Credit:  Graham Lloyd, Environment editor, The Australian, www.theaustralian.com.au 5 March 2011 ~~

Wind turbines are closing in on four generations of the Quinn family who still live at Mt Bryan in South Australia’s picturesque and productive Mt Lofty Ranges.

Rosemary Quinn, 74, says she spends her nights locked inside the 1900s stone house she has occupied for 55 years. She shuts the windows and sets the ceiling fan on high to cover the noise of the wind turbines 2km away.

Quinn’s son Bill and his wife Jenny are about to gamble their 200ha property in a Federal Court challenge to the expansion plans of wind farm developer AGL.

Bill Quinn’s daughter Deb, 32, who works for businesses that profit from the wind farm developments, is worried about the future of her daughter, Jacqueline, and what long-term exposure to nearby wind turbines may mean.

The Quinns are not alone.

They are part of an increasingly vocal army of people in rural settlements who believe they have become collateral damage in Australia’s rush to embrace wind as an alternative energy to combat climate change.

Stories such as the Quinns’, and much, much worse, are scattered through the more than 1000 submissions to a Senate inquiry into the effect of wind farm developments on rural communities.

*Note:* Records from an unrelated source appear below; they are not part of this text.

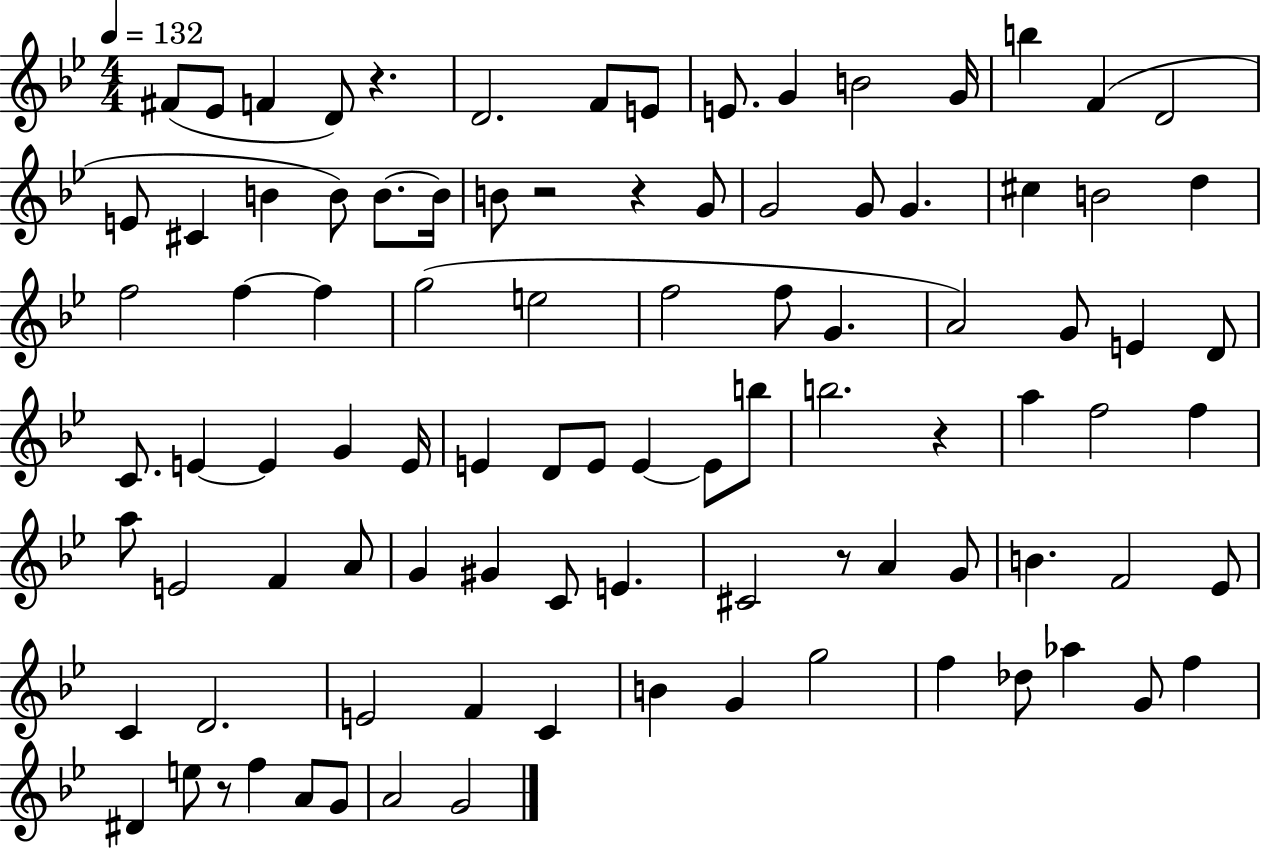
{
  \clef treble
  \numericTimeSignature
  \time 4/4
  \key bes \major
  \tempo 4 = 132
  \repeat volta 2 { fis'8( ees'8 f'4 d'8) r4. | d'2. f'8 e'8 | e'8. g'4 b'2 g'16 | b''4 f'4( d'2 | \break e'8 cis'4 b'4 b'8) b'8.~~ b'16 | b'8 r2 r4 g'8 | g'2 g'8 g'4. | cis''4 b'2 d''4 | \break f''2 f''4~~ f''4 | g''2( e''2 | f''2 f''8 g'4. | a'2) g'8 e'4 d'8 | \break c'8. e'4~~ e'4 g'4 e'16 | e'4 d'8 e'8 e'4~~ e'8 b''8 | b''2. r4 | a''4 f''2 f''4 | \break a''8 e'2 f'4 a'8 | g'4 gis'4 c'8 e'4. | cis'2 r8 a'4 g'8 | b'4. f'2 ees'8 | \break c'4 d'2. | e'2 f'4 c'4 | b'4 g'4 g''2 | f''4 des''8 aes''4 g'8 f''4 | \break dis'4 e''8 r8 f''4 a'8 g'8 | a'2 g'2 | } \bar "|."
}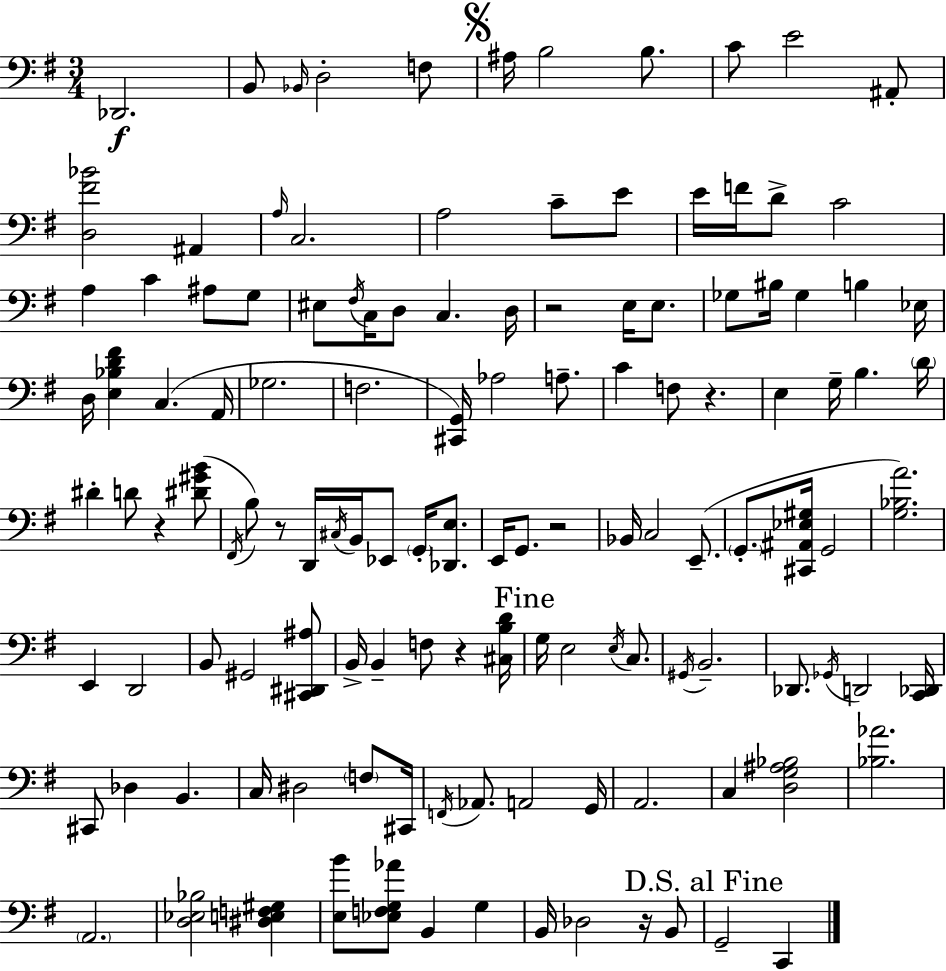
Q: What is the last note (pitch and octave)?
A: C2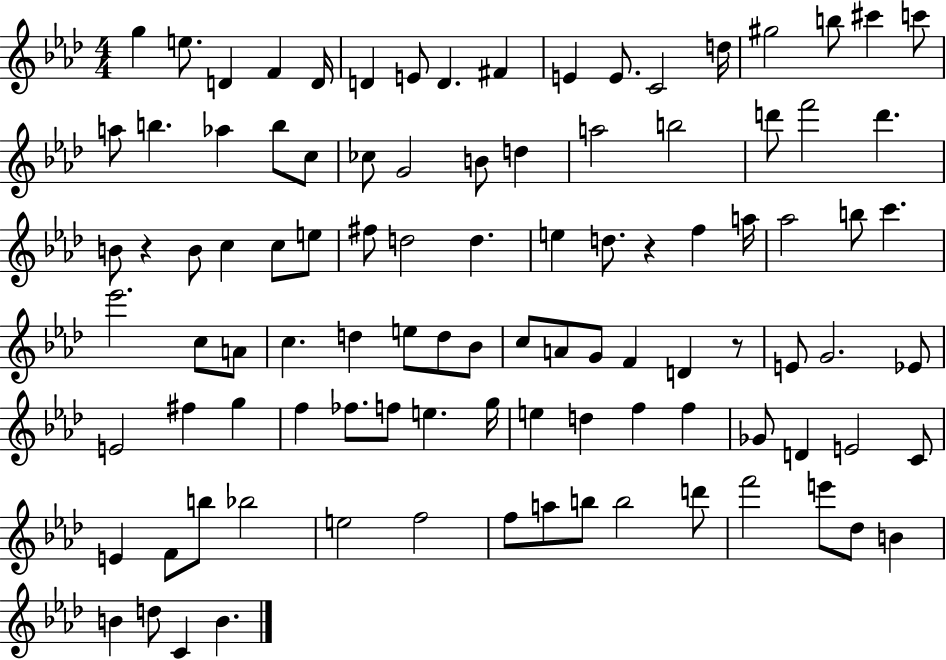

The inquiry by the Senate community affairs committee has certainly received many submissions of support for wind-farm developments to meet the federal government’s 20 per cent renewable energy target by 2020. Local community and sporting groups have praised the donations they have received.

But alongside the positive feedback are stories of gag orders, split communities, strongarm tactics and details of awful physical symptoms that people feel sure are the result of living in the auditory and sun-flicker shadow of wind turbine developments that are sweeping the rural landscape.

Family First senator Steve Fielding, who pushed for the Senate inquiry, says: “This is not a question about the viability of renewable technologies. It is to have a look at any adverse health effects for people living in close proximity.”

He says the Senate committee has approached the inquiry with an open mind, but “certainly there are people whose health has deteriorated to the stage that they have had to move out at a complete loss to themselves”.

Public hearings will be held in Canberra on March 25, Ballarat on March 28, Melbourne on March 29 and Perth on March 31.

Glenn Brew of Evansford in Victoria, near the controversial Waubra wind farm, has told the committee he was beginning to think he had a brain tumour until he discovered that other farmers in the area were experiencing headaches similar to his when they were close to the turbines.

Steven Hilary, 50, also of Waubra, has told the committee he is convinced the turbines pose a serious health risk.

“On April 22nd at 4am I suffered a heart attack and to date I have been continually suffering blood pressure issues, heart palpitations, headaches, dizziness, nausea, unbearable tinnitus and disrupted sleep patterns that led to numerous ambulance trips to hospital,” he wrote.

The Senate inquiry clearly has opened a can of worms: affected rural residents believe city dwellers with a penchant for green power have been happy to ignore the situation. Despite what opponents may say, this is not a community backlash that can be dismissed as being rooted in climate change denial or greed.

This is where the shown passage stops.